**YOUR OBJECTIVE:** Only the line containing "Nackt auf dem Boot" and those after it, up to the end of the records below, are to be set down, exactly as written.

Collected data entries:
--- --- ---

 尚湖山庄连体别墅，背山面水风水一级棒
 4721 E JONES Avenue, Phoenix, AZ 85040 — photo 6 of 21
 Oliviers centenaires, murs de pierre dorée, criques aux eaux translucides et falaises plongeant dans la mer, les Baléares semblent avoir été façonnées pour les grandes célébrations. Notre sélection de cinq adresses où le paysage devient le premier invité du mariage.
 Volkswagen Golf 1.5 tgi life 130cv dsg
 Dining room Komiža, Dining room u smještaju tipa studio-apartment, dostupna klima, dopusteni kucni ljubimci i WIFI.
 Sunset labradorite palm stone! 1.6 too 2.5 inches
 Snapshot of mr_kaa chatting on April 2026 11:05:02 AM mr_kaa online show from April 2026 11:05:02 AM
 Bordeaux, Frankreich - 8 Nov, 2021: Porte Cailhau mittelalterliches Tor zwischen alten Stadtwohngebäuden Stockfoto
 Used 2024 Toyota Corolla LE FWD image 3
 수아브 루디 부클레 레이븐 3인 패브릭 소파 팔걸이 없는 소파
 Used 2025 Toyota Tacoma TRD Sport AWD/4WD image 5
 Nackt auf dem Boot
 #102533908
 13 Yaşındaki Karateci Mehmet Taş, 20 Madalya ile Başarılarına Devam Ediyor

--- --- ---

**EXERCISE ANSWER:**
 Nackt auf dem Boot
 #102533908
 13 Yaşındaki Karateci Mehmet Taş, 20 Madalya ile Başarılarına Devam Ediyor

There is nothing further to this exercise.